Your task: Print the data exactly as written, line for line, and leave its pictures behind.

Stored data:

━━━━

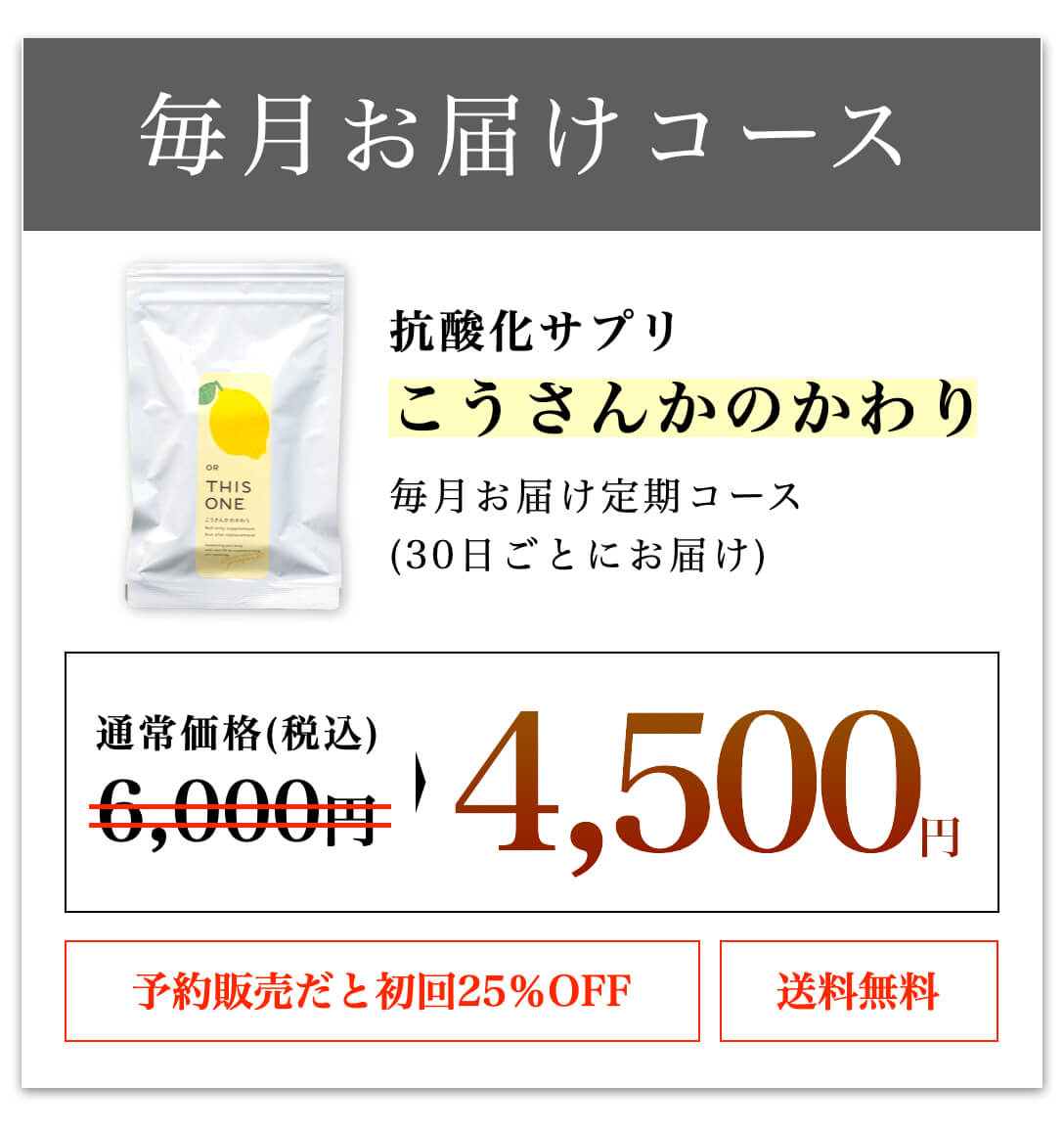 こうさんかのかわり単品予約商品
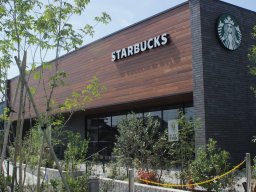 【開店】スターバックスコーヒーが半田市に2店舗目！山代町に6/20(木)オープン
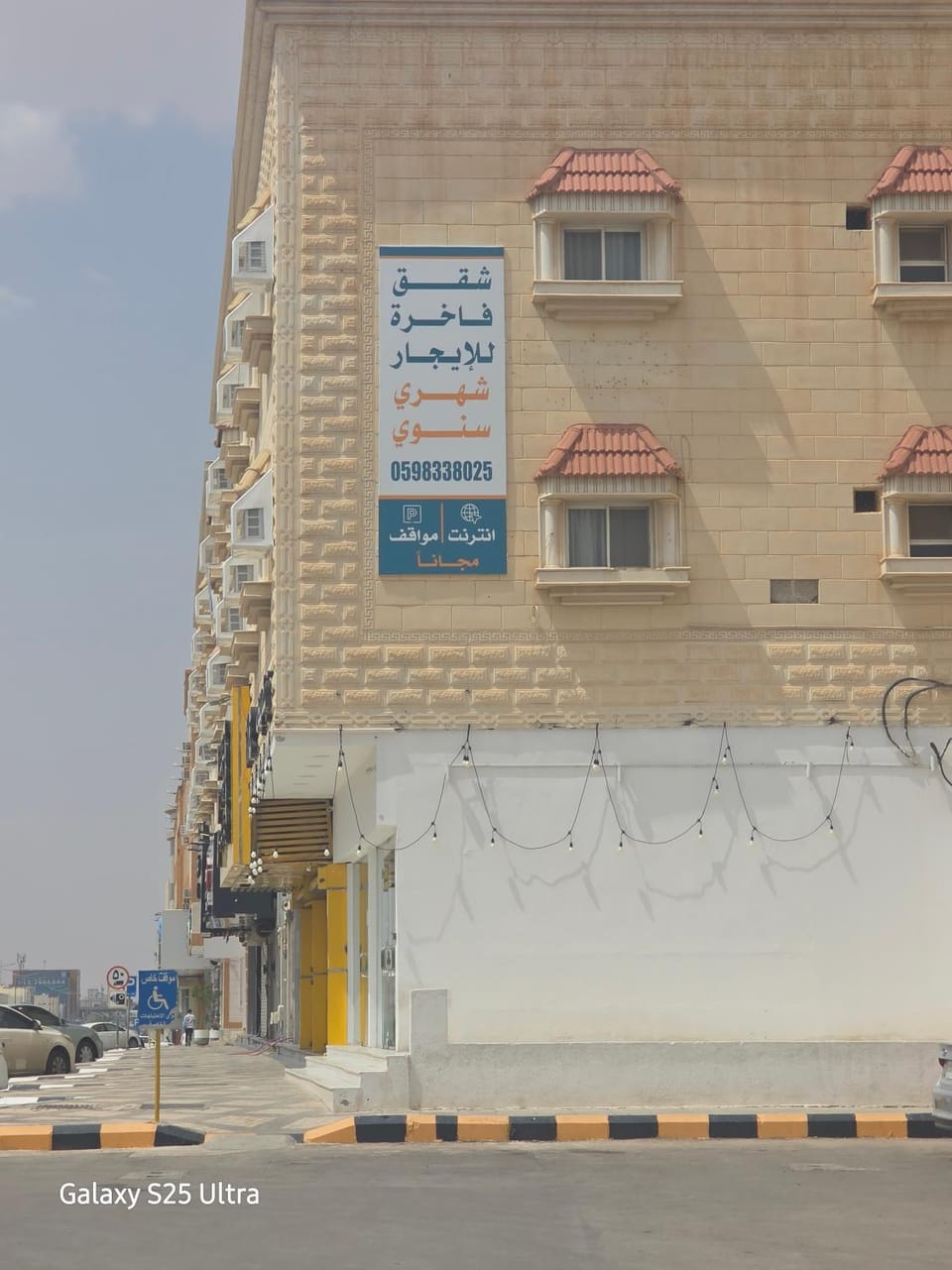 منازل بريدة للشقق المفروشة Apartment in Riyadh Province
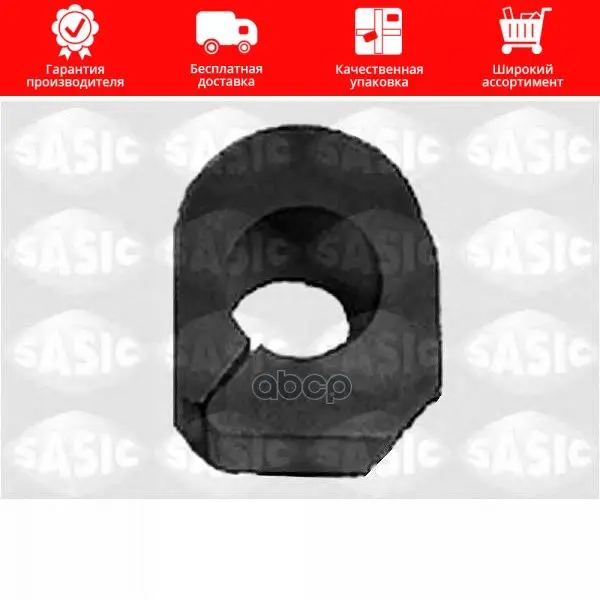 Sas4001473_втулка Стабилизатора Переднего Центральная! D23 Renault R9/R11 All 88 Sasic арт. 4001473 |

━━━━

Output of the task:
 こうさんかのかわり単品予約商品
 【開店】スターバックスコーヒーが半田市に2店舗目！山代町に6/20(木)オープン
 منازل بريدة للشقق المفروشة Apartment in Riyadh Province
 Sas4001473_втулка Стабилизатора Переднего Центральная! D23 Renault R9/R11 All 88 Sasic арт. 4001473 |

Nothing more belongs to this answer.